The Cybereason platform validates the values in the CSV file and presents an error message if items are invalid. For example:

Reputation CSV Upload Error

CSV Example

In the following example, the Cybereason platform will remove the hash 3f63e9f09fe59f5 from the reputation list. The platform will add the IP address 198.20.10.54 to the reputation list and trigger a MalOp when it encounters the item.

key

reputation

prevent execution

comment

remove

3f63e9f09fe59f5

whitelist

FALSE

my comment on hash

TRUE

198.20.10.54

blacklist

FALSE

my comment on ip

FALSE

Note

If an item already exists in a list, the configuration in the CSV file will replace the current configuration.

Manage reputations from the Element details screen

You can also set the reputation for a single item from the Element details pane in the Investigation screen. You can access an item’s element details from the Malop details screen in the associated MalOp, or by building a query in the Investigation screen.

Access an item’s Element details pane from the Malop details screen

  1. If needed, from the Malops management screen, select the MalOp associated with the item you want to add or remove from the allowlist or blocklist. The Malop details screen appears.

  2. From the Process tab, select the process to add to or remove from the allowlist or blocklist, and click the Investigate button. The Investigation screen appears with the query populated to show the selected process.

  3. Click the process in the query results list to bring up the Element details pane.

Access an item’s Element details pane from the Investigation screen

  1. Build a query to search for the item you want to add to or remove from the allowlist or blocklist.

  2. From the query results, select the item to bring up the Element details pane.

Set the reputation

On the top right of the Element details pane, click Set reputation, and select whether to add the item to the allowlist or blocklist, or remove the reputation of the item.

Set Reputation

Important

The blocklist is for detection purposes only. Adding an item to the blocklist will not prevent that item from executing. See Prevent File Execution with Application Control for details on preventing execution.
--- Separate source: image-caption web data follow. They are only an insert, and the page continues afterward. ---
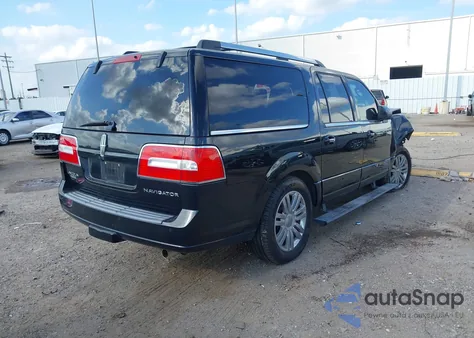 2010 Lincoln Navigator L from USA, damaged, VIN 5LMJJ3H55AEJ04046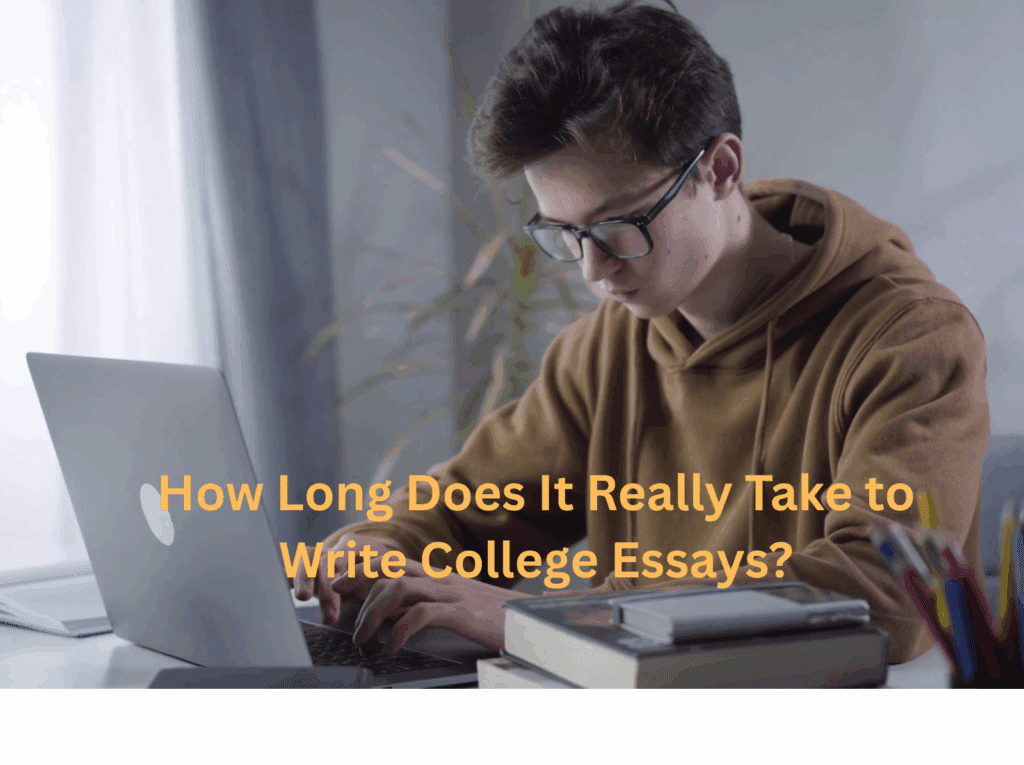 Writing college essays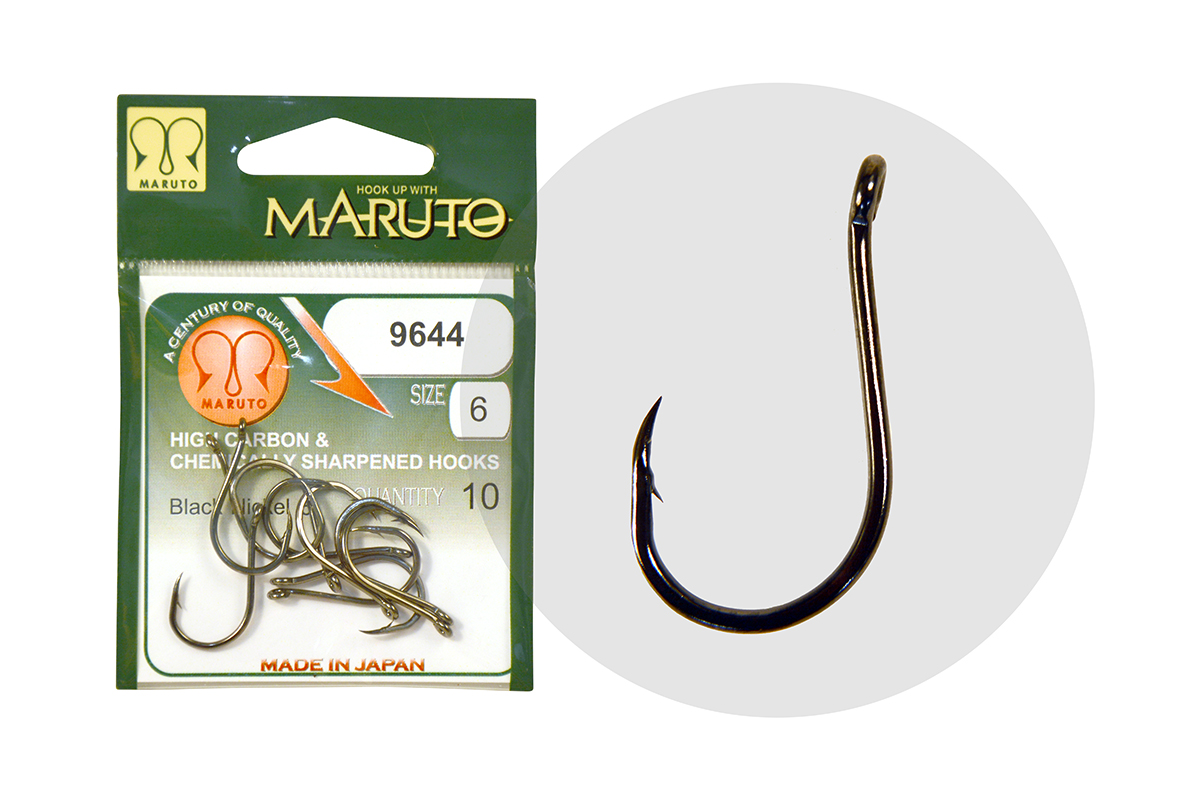 ANZUELO MARUTO 9644-BN - Imagen 2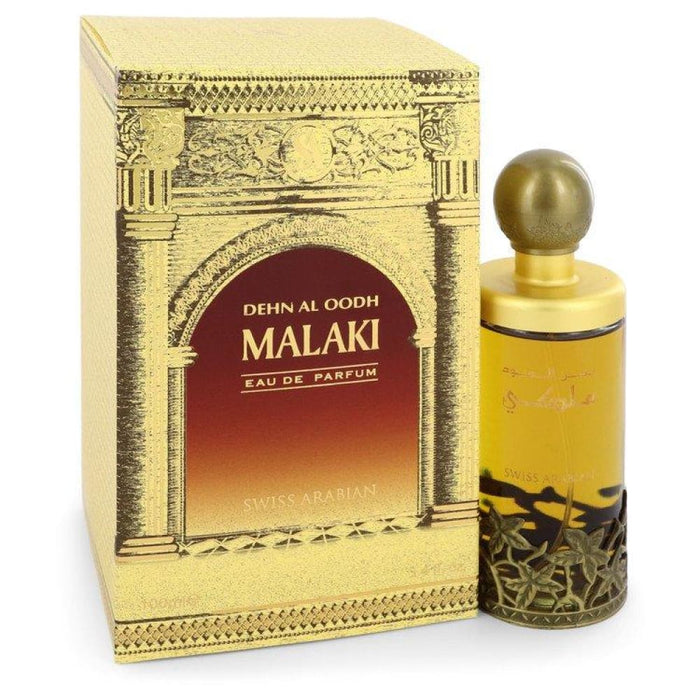 Dehn El Oud Malaki Edp Spray by Swiss Arabian for Men - 100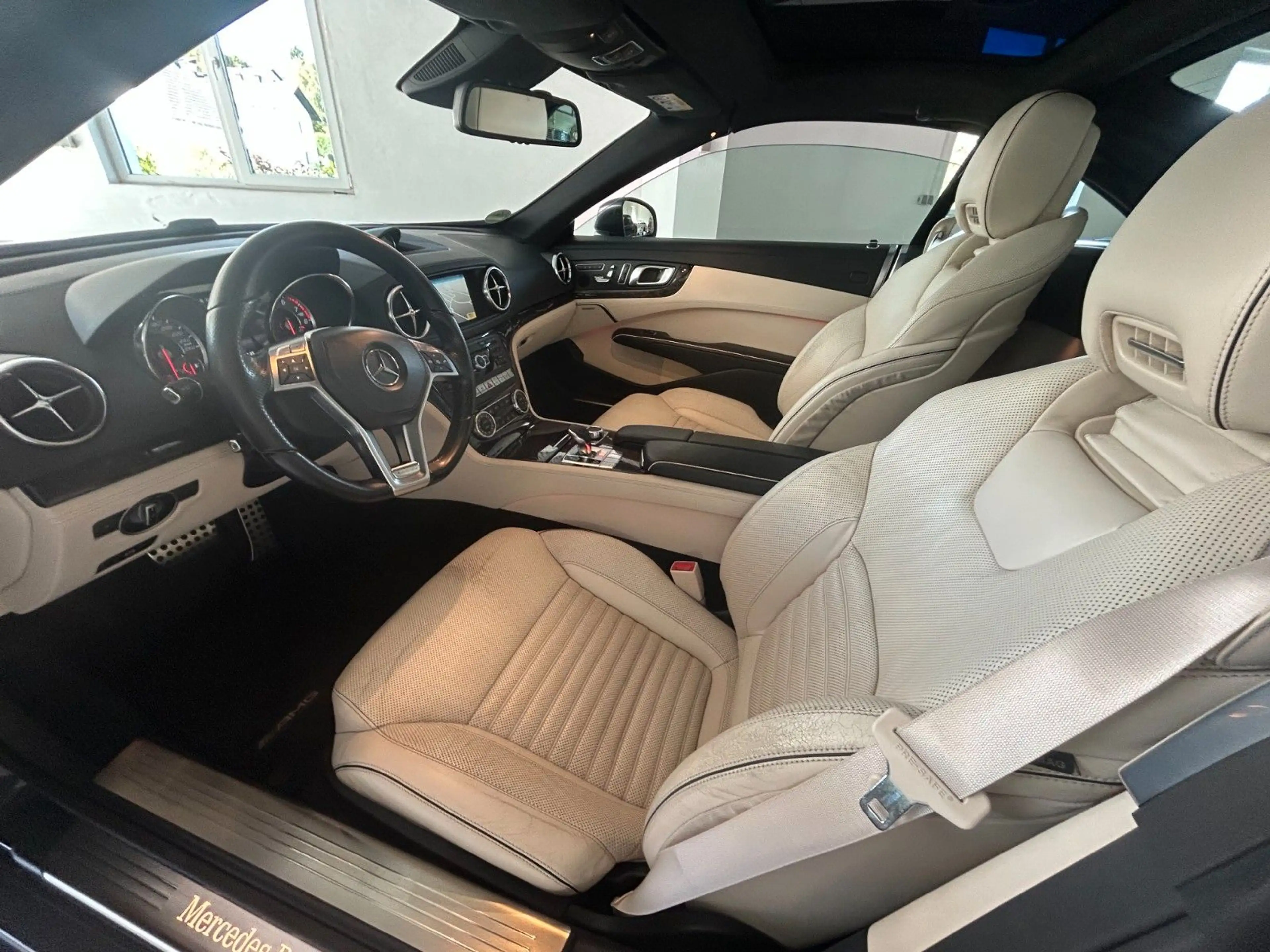 Mercedes-Benz SL 400 2.HD DT AMG TOP SERVICE NEU 64tkm — photo 8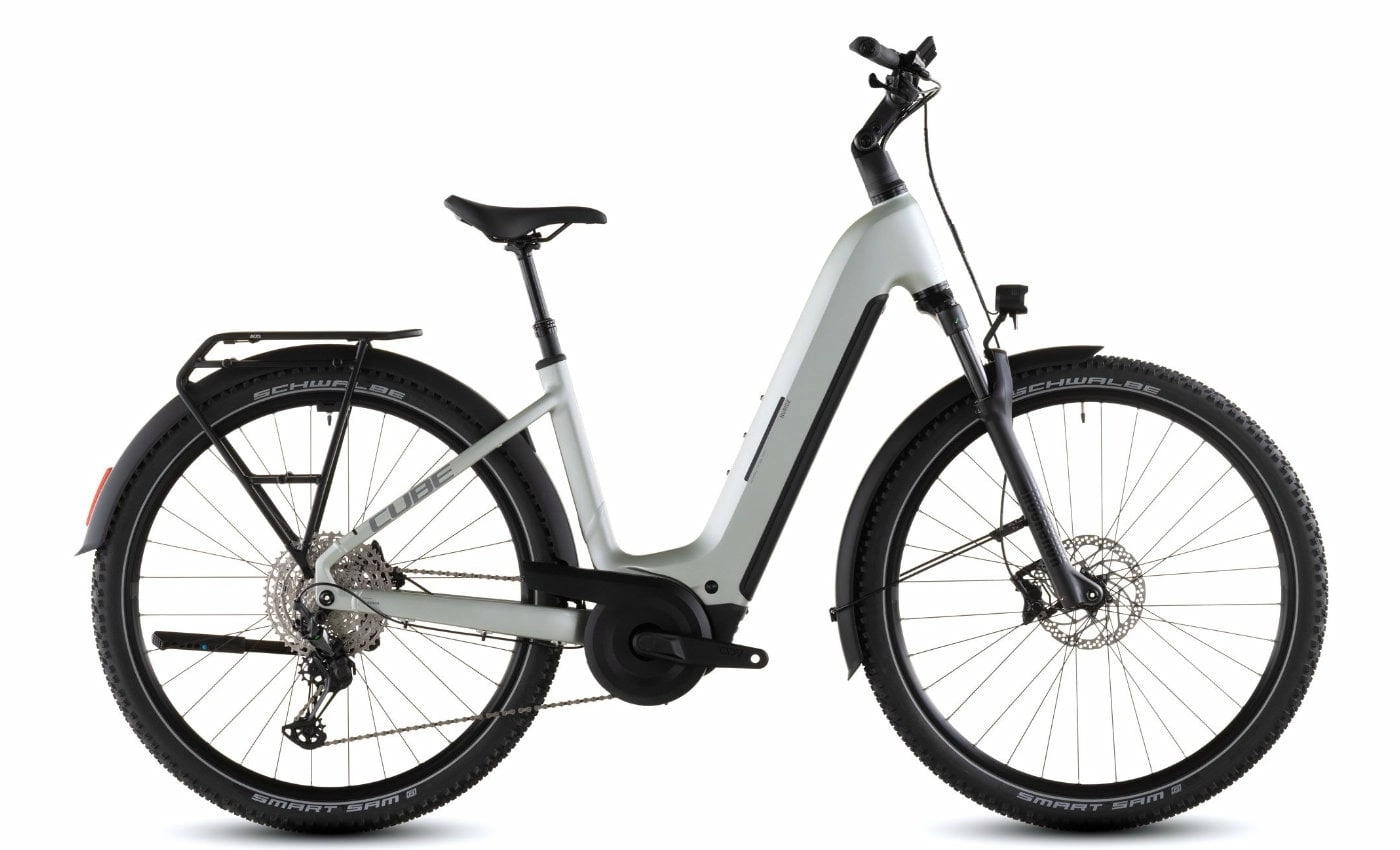 Cube Nuride Hybrid EXC 800 - 28 Zoll 800Wh 12K Wave - lemongrass´n´reflex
Search reputation information

All analysts, including local analysts, can search for IOCs that currently exist in the system and verify the reputation.

To search for an item’s reputation, do one of the following from the Reputations screen:

  • To search within your organization’s private reputations list, enter the MD5, SHA-1, or SHA-256 file hash, domain, or IP address in the Custom Reputation List tab Find reputation field.

    Search Local Reputations

  • To search across all reputation sources, enter the SHA-1 file hash, domain, or IP address in the Global Reputation Search tab search field, and click Search all reputation sources.

    Search Global Reputations

Note

The global file hash search function only support SHA-1 values. When searching within your custom reputation list, you can use SHA-1 or MD5 values.

The search result displays the item reputation according to each reputation source. The Priority column lists which reputation decision takes precedence over others, where 1 is the highest priority.

  • Custom reputation: The reputation based on your environment custom reputation list.

  • AV Reported: The item reputation based on the Cybereason Anti-Malware feature.

  • Cybereason threat intel: The item reputation as determined by the Cybereason Global Threat Intel server.